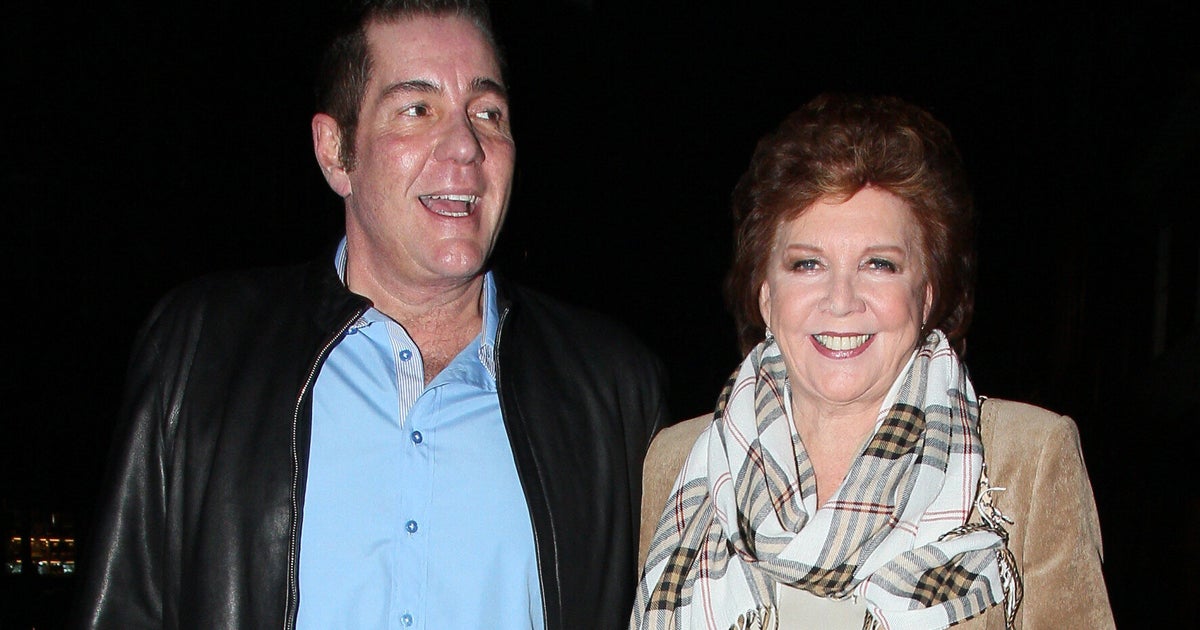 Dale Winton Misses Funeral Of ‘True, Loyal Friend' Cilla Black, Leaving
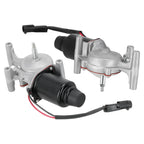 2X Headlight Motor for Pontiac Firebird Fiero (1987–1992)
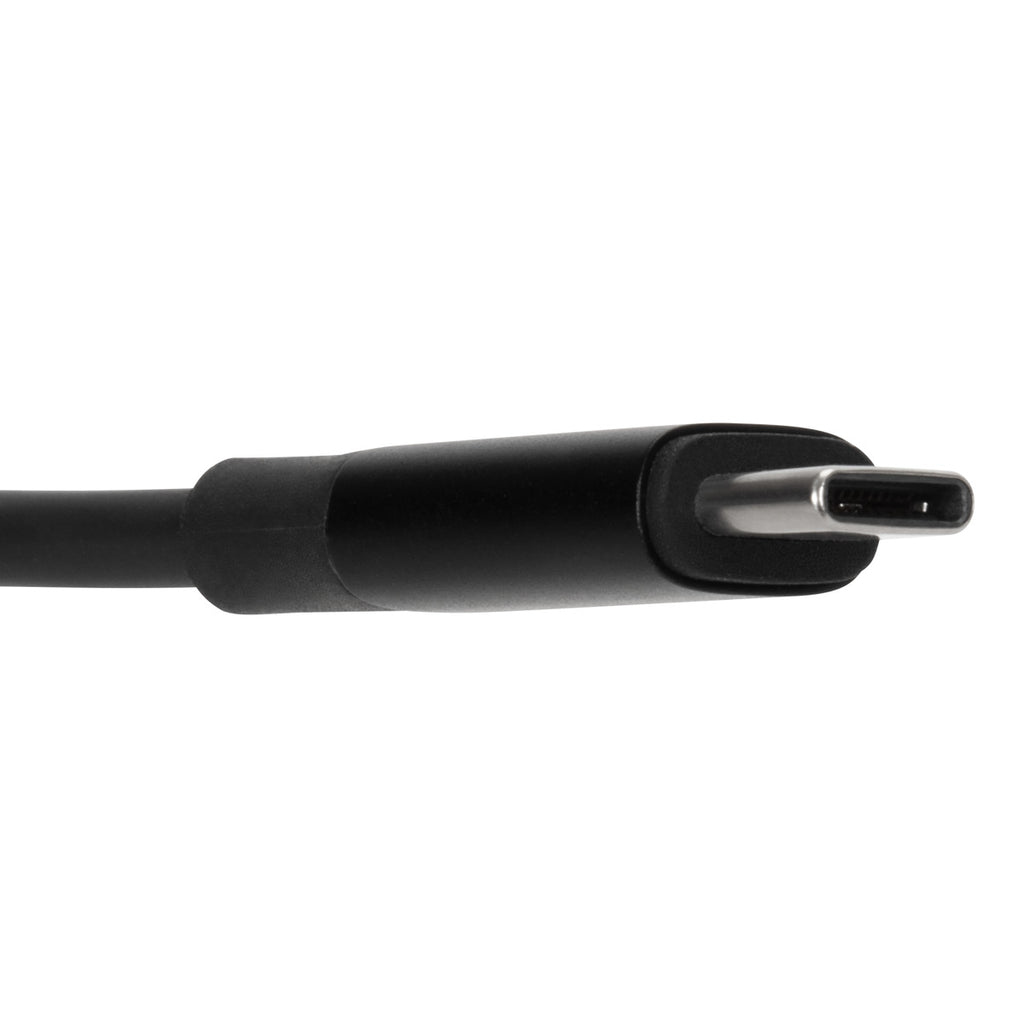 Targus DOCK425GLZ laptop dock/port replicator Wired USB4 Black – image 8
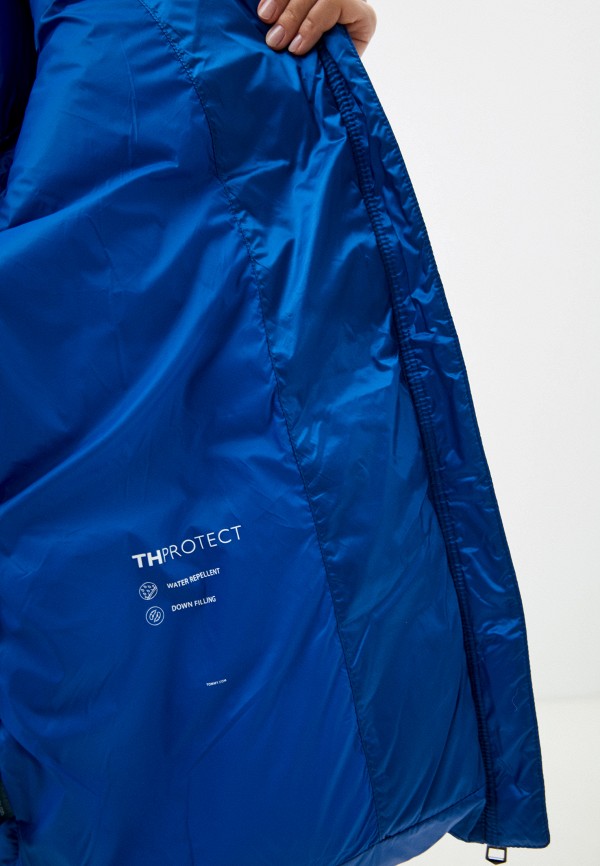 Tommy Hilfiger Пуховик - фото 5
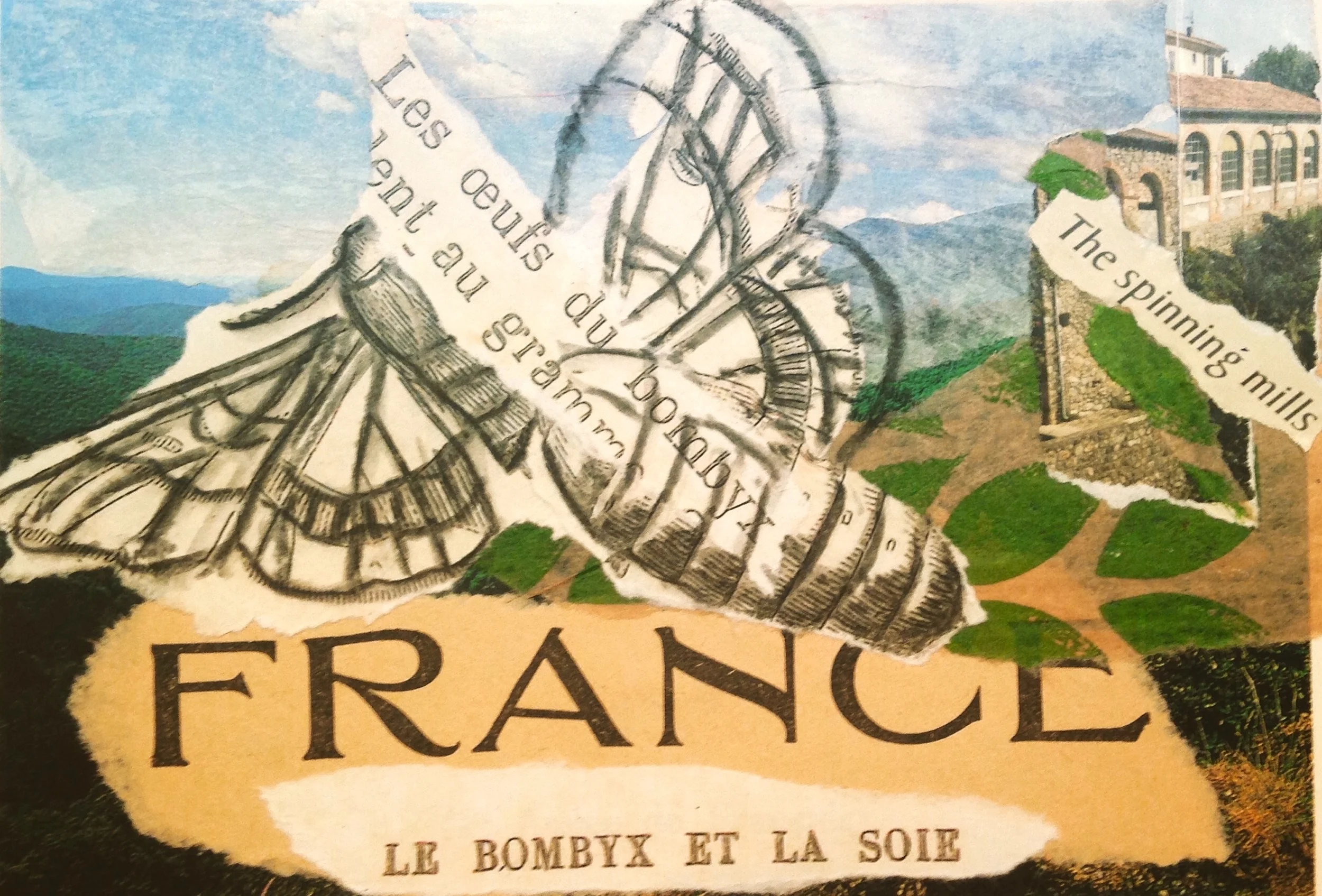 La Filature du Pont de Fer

* * * *

▶ **PROBLEM STATEMENT**
Every line from the one holding "2X Headlight Motor" through the final line of the data above is to be reproduced exactly, both ends included, with the pictures left out.

▶ **PROBLEM SOLUTION**
 2X Headlight Motor for Pontiac Firebird Fiero (1987–1992)
 Targus DOCK425GLZ laptop dock/port replicator Wired USB4 Black – image 8
 Tommy Hilfiger Пуховик - фото 5
 La Filature du Pont de Fer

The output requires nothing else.